Self-Sustaining Energy Management Systems in Smart Microgrids Using Artificial Intelligence
摘要
Smart microgrids (MGs) are a potentially effective way to improve the efficiency of energy use and delivery. This research presents a revolutionary real-time economic smart MG operation method that utilizes cutting-edge artificial intelligence (AI) algorithms for dynamic energy management.

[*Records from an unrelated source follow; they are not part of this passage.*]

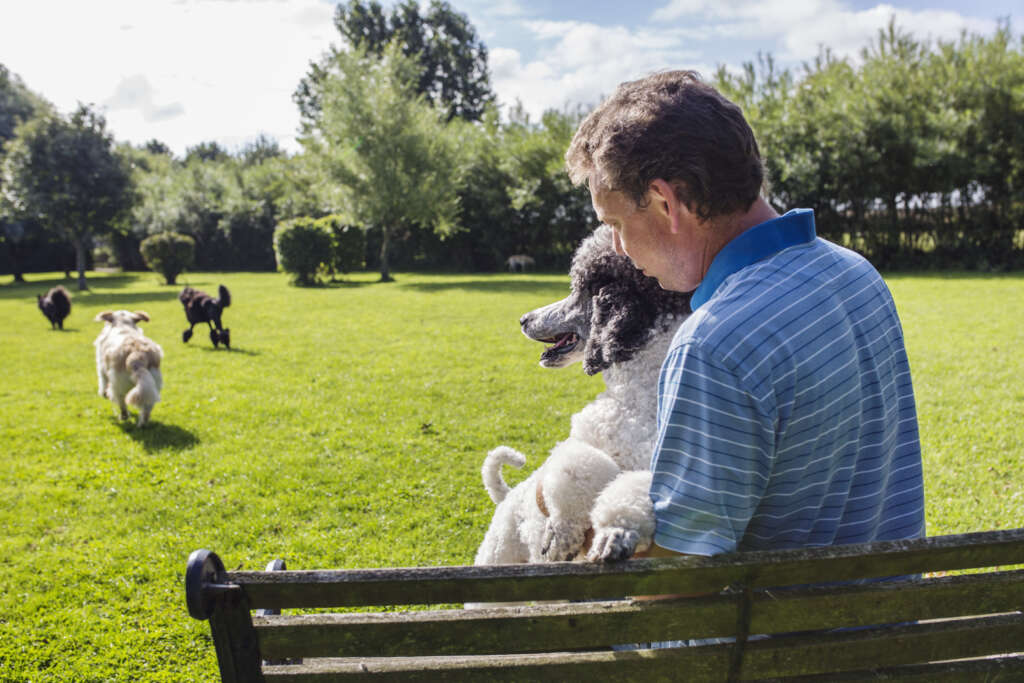 Article about stealing fitness by changing daily activities such as using the stairs instead of lifts. Image shows a man watching his dog walk rather than walking himself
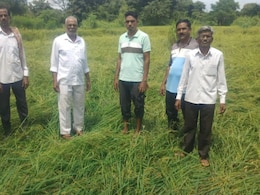 Kalyan News: कल्याणच्या शेतकऱ्यांची दिवाळी गोड होणार! 3,667 जणांना मिळणार दिवाळीपूर्वी भरपाई Kalyan News: कल्याणच्या शेतकऱ्यांची दिवाळी गोड होणार! 3,667 जणांना मिळणार दिवाळीपूर्वी भरपाई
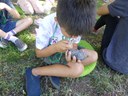 Open Space - School Programs Secton Block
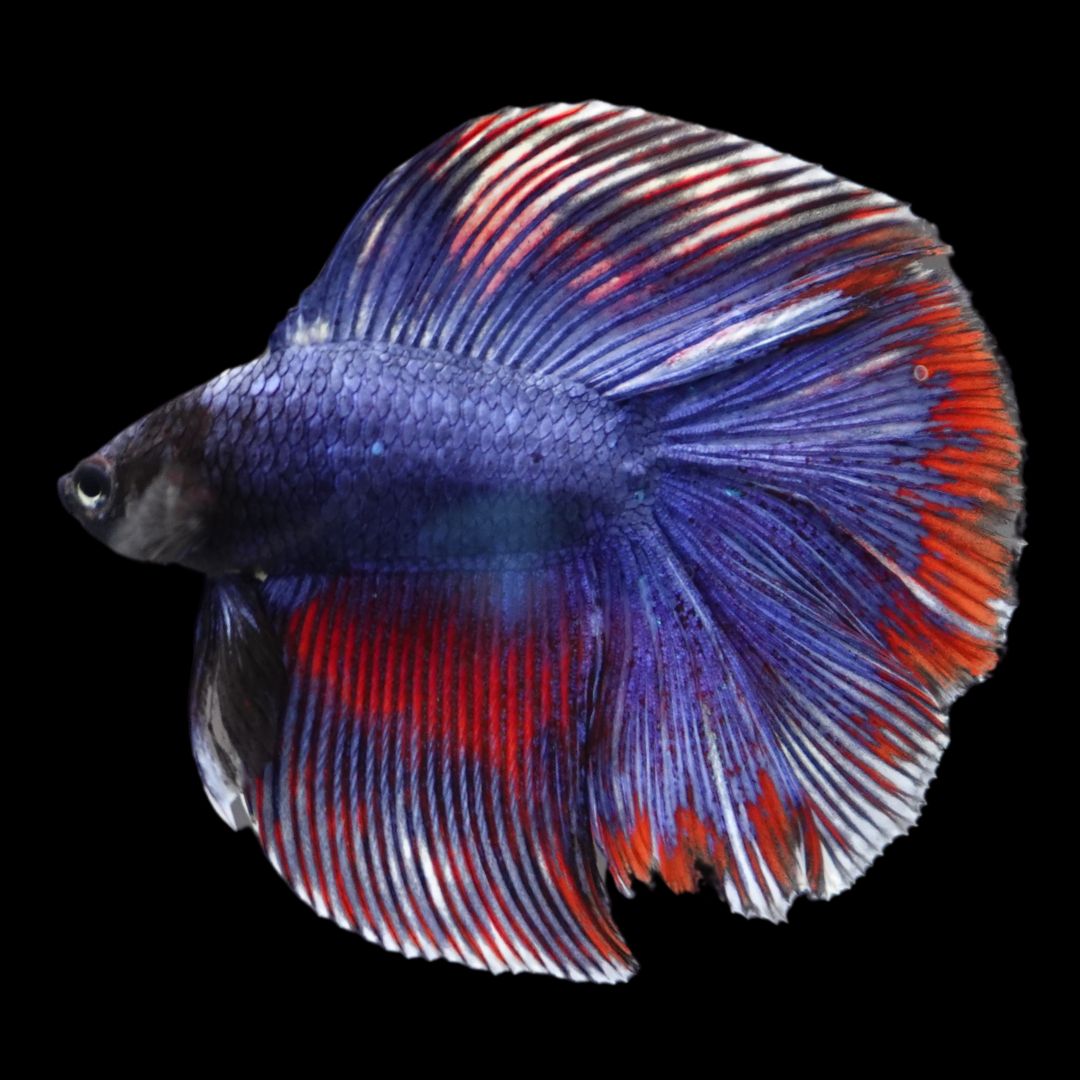 Rare Fullmoon Blue Devil Betta Fish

This research aims to create a dynamic energy management system (EMS) that maximizes the long-term operating expenses of MGs without depending on detailed projections or distribution knowledge of anomalies. Model-predictive control (MPC) and adaptable support vector machine (ASVM) learning are two sophisticated AI approaches that will be used in this study to model the real-time scheduling issue as a finite-horizon Markov decision process (MDP) over a day and develop near-optimal real-time scheduling regulations. The suggested approach entails expressing the problem with real-time planning as an MDP and then using ASVM and MPC learning to derive almost optimum scheduling strategies. The paper compares the MPC technique with an approximation dynamic programming (ADP) framework using a thorough simulation of actual power grid data from the California Independent System Operator (CAISO). To get a nearly optimum policy, the approximation policy iteration (API) approach is used. The success of the suggested strategy in streamlining MG operations is shown by the simulation results. A comparison of MPC with ADP shows that MPC has several benefits, primarily including lower costs. The study considers the effects of AC power flow restrictions and demand response rules, demonstrating the adaptability and resilience of the established technique in a range of circumstances.